Yet when the time comes to reveal what happened, the book stops short. (Mild spoilers follow.) Yes, another man kissed Harriet, but she didn't kiss back, and she immediately confessed what happened to Wyn, who... promptly broke up with her. This is, needless to say, not particularly winning (ha ha) behavior on his part, to the degree that it made me want Harriet to find somebody – anybody! – else.

Henry is very good at steering into the skid, and the last quarter of this book is a quietly devastating subtweet of you if you are (like me) a white woman who was raised middle-class in the Midwest.
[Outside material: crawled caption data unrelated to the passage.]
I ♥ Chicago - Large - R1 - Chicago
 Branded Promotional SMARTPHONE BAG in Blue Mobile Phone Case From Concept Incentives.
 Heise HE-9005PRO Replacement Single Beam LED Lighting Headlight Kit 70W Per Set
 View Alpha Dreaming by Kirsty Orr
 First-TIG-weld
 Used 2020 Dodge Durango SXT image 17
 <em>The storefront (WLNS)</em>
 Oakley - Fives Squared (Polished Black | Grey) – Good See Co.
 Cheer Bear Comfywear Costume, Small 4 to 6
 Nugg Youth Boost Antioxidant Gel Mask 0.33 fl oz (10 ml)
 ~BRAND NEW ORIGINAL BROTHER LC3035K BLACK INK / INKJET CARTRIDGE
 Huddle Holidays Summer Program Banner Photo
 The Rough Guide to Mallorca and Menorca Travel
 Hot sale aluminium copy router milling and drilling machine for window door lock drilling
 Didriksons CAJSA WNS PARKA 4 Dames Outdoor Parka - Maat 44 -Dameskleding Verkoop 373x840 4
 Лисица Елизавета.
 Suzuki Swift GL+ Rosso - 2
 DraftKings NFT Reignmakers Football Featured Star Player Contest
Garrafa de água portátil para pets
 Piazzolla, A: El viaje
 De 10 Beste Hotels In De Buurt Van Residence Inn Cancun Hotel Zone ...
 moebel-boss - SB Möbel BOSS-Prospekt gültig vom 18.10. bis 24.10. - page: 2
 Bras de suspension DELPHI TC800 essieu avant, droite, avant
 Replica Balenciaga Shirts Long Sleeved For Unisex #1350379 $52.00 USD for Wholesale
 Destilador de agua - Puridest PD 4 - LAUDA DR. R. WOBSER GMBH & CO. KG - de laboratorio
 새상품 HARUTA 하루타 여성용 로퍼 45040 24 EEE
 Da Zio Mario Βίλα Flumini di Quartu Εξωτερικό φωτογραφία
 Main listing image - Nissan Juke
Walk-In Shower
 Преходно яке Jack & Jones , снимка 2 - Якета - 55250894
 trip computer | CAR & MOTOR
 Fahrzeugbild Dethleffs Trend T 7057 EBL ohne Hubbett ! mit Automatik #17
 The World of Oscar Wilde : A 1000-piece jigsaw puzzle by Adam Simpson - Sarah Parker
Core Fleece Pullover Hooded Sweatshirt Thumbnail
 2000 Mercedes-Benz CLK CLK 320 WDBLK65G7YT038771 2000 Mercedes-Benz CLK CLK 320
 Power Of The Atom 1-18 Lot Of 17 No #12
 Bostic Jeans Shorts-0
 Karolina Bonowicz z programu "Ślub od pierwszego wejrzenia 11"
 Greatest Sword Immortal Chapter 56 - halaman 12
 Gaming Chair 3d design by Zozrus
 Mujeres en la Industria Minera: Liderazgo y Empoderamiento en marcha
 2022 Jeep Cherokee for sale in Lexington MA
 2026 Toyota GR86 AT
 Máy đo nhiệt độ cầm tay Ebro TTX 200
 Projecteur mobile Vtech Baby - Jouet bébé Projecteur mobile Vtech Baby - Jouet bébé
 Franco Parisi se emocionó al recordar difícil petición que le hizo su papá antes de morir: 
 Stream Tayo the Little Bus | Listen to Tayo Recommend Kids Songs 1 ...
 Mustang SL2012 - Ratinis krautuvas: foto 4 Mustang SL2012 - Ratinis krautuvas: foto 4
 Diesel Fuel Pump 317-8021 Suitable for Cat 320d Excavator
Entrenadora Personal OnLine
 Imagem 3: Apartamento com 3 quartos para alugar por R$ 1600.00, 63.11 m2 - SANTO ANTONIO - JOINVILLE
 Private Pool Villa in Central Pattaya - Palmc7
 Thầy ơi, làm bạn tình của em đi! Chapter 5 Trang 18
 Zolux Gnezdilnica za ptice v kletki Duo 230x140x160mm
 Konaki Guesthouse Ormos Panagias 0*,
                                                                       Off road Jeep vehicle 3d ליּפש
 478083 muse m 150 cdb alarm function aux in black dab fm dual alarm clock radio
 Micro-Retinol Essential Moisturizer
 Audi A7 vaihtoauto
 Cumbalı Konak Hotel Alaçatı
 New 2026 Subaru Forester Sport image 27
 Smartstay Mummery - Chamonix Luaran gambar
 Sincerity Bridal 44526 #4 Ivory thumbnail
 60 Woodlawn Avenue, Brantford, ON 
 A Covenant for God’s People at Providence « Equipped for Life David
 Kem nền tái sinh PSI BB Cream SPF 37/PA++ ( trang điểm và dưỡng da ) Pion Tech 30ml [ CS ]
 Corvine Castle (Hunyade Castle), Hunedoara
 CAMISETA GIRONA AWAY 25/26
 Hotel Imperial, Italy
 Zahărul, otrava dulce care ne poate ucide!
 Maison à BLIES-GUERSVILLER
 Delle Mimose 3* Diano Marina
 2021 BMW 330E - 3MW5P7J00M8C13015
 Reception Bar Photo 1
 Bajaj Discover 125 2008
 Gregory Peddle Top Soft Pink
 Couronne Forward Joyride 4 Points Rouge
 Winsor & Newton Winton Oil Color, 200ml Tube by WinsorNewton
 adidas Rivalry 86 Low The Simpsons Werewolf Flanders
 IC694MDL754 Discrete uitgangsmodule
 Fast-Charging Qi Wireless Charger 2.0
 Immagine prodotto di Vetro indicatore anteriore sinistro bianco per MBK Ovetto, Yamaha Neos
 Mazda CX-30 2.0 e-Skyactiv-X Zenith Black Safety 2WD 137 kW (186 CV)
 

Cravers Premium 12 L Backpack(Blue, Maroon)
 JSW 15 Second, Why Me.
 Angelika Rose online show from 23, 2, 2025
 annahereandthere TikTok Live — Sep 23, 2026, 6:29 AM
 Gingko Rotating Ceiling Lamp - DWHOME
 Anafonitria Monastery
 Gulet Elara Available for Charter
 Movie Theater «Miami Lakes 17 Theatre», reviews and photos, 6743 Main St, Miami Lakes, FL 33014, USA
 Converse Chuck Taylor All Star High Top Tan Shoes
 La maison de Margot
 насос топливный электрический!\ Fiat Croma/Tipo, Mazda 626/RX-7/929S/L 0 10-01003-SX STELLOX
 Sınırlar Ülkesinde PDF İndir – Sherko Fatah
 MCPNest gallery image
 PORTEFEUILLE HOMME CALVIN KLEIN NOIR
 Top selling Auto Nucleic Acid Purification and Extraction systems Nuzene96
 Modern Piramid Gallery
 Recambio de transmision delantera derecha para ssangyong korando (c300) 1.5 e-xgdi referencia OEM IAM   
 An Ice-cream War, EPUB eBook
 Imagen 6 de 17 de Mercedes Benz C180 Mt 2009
Yet the whole time, I found myself wondering if the book would function better if it left behind one of those unspoken rules of romance – a relationship that involves infidelity is fundamentally broken – and lit out for the story point that would have the most nuance. Henry could have even had her happy ending cake and eaten it too! Lots and lots and lots and lots of couples overcome infidelity and are stronger for having done so. So why does romance seem so resistant to the idea?

I am aware of the long tradition of novels about bored married women who cheat on their husbands, some of which are broadly categorized as romances (The Bridges of Madison County) and some of which are very much not (Madame Bovary). But the modern romance novel requires a happy ending, and inherent to a relationship that involves infidelity is the implication that someone's heart is horribly broken. Madison County ends with the protagonist staying with her husband and letting her lover go, for instance. So a "happily ever after" would seem completely incompatible with infidelity, at least in theory.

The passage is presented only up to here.